ノックの音がする。入るように促し、ドアが開いても誰も入ってこなかった。「誰だ?出てこい。」次の瞬間、衝撃と共に足は平衡感覚を失い。その場に倒れる。老体には痛みは厳しかった。堪えながら目を開ける宇宙人が二人立っていた。ニュースの言っていることは間違いではなかったらしい。宇宙人は危険な存在だったのだ。復讐のつもりなのだろうか。佐伯は手足縛られ口を塞がれた。
一人が刃を振り上げ、私を殺そうとしている。思わず目をつむり、脳内を走馬灯が駆けていく。音がした。だが痛みは感じなかった。「私の言葉が分かるか。」声が聞こえた。静かに目を開けると宇宙人がもう一度さっきのセリフを繰り返した。宇宙人が話したことに驚愕した。まさか話せるなんて。奥にはもう一人が倒れている。佐伯が頷くとエイリアンはもう倒れた仲間を指して続けた。「彼は君を殺そうとしていた。だから助けたというわけじゃない。単刀直入に言おう、あの施設の暮らしに戻してくれ。」エイリアンは頭を下げた。「もう外の世界は沢山だ。最低だ。あんな危険なところにいるなら、毎週血を抜かれた方がましだ。もし私の願いを聞いてくれるなら君を殺さない。」 すっかり厭世的になっていたのだ。あの施設の暮らしが気に入っている個体がいたとは、非常に意外だった。佐伯が頷くと、手足の縄と口の布が外された。佐伯は静かに握手を求め、宇宙人もそれに応えた。契約成立だ。
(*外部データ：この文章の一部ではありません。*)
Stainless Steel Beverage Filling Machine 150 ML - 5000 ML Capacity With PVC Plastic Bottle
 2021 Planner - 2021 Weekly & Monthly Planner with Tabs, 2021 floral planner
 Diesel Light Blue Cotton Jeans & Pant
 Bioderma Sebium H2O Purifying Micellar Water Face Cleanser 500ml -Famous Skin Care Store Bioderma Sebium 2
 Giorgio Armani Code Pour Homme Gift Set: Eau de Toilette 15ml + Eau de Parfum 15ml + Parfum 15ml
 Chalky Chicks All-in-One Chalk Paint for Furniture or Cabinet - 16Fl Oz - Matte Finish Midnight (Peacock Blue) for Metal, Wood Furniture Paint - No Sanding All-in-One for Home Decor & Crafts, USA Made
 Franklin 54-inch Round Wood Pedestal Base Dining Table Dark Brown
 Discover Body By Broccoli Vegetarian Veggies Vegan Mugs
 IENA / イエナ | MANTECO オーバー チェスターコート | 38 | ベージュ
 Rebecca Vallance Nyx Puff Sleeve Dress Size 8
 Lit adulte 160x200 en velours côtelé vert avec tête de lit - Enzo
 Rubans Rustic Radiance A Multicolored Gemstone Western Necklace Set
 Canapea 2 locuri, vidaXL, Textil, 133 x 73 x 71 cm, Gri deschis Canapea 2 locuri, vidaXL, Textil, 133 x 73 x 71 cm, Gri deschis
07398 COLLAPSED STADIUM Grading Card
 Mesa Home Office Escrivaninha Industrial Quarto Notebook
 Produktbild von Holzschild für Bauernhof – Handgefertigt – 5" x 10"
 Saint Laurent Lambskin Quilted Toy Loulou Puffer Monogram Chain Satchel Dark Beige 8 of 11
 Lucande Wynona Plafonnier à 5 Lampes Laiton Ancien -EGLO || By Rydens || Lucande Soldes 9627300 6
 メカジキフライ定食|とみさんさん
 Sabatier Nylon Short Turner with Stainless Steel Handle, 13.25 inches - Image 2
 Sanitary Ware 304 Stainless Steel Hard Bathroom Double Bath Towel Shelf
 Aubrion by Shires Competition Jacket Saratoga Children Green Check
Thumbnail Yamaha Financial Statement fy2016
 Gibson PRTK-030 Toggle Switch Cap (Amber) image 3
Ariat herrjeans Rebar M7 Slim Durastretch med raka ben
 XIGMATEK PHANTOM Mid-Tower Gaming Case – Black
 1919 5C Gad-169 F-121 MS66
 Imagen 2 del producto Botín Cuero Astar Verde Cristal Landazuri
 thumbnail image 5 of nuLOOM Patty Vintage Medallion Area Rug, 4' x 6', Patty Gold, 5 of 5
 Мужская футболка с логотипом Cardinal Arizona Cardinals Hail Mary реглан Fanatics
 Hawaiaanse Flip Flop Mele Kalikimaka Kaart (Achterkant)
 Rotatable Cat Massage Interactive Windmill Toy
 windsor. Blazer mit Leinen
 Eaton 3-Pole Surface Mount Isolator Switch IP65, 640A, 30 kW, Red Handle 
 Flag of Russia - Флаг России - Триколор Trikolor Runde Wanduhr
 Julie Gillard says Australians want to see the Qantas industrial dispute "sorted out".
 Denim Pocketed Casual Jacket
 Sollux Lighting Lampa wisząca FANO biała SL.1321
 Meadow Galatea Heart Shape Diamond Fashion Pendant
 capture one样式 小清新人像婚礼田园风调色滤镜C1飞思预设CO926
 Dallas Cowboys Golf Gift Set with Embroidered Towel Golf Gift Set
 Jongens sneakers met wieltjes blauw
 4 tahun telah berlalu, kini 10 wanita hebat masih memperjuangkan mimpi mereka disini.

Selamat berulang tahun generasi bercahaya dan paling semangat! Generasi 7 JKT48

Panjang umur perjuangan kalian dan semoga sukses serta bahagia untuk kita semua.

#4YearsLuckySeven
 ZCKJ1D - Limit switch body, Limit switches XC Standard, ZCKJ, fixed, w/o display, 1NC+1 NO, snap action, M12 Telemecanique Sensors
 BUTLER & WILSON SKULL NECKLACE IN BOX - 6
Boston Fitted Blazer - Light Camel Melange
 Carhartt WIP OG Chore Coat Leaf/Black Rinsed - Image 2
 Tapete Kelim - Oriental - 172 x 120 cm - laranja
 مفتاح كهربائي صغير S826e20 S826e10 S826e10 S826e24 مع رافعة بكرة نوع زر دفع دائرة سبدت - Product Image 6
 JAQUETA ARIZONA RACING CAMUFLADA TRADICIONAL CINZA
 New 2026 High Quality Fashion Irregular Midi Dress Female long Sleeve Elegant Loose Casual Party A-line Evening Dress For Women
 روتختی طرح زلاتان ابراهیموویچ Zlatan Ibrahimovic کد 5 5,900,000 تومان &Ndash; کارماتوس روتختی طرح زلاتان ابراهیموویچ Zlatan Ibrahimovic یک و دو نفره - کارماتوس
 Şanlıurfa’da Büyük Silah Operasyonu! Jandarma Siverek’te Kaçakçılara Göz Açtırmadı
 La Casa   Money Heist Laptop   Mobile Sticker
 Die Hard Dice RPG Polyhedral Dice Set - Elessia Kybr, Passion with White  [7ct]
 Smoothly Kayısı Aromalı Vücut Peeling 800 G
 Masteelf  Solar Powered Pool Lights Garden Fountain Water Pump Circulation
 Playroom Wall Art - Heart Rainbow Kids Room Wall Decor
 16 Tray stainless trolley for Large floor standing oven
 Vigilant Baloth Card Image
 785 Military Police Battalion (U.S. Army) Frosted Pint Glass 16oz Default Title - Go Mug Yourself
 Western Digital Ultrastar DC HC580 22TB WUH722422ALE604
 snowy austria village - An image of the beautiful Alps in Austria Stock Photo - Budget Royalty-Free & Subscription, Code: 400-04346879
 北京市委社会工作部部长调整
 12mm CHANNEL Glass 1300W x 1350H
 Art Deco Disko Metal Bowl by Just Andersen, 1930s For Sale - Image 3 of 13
警備を呼び、宇宙人が入り込んだ不手際を怒鳴り散らした後で死体を処分させた。捨てるなんて勿体ないことはしない。きれいな状態の遺体は珍しい。剥製にして金持ちに売りつけるのだ。「先ほど了承はしたが、あの施設は東京だ。東京は今閉鎖されている。使える状況じゃない。だからしばらくはこの家のゲストとして過ごしてもらいたい。」去り行く仲間を見つめる彼に佐伯は言った。彼はうなずいた。
だが、佐伯の頭ではもう一つ別の考えが巡っていた。どうやってこいつを死んだことにしようか。どういう理屈かは分からないが生存している数が分かってしまうのだ。こいつが最後の一匹になった時、東京だけでなく、全国を探し始めたら?それで終わりだ。
でもそれはそれで良いのかもしれない。地球に残った最後のエイリアン。いかにも価値がありそうだ。高値で売れそうだ。高揚感を紅茶と共に飲み干して、目の前の札束の山になる生物を見つめた。ただ死なせるにはもったいない。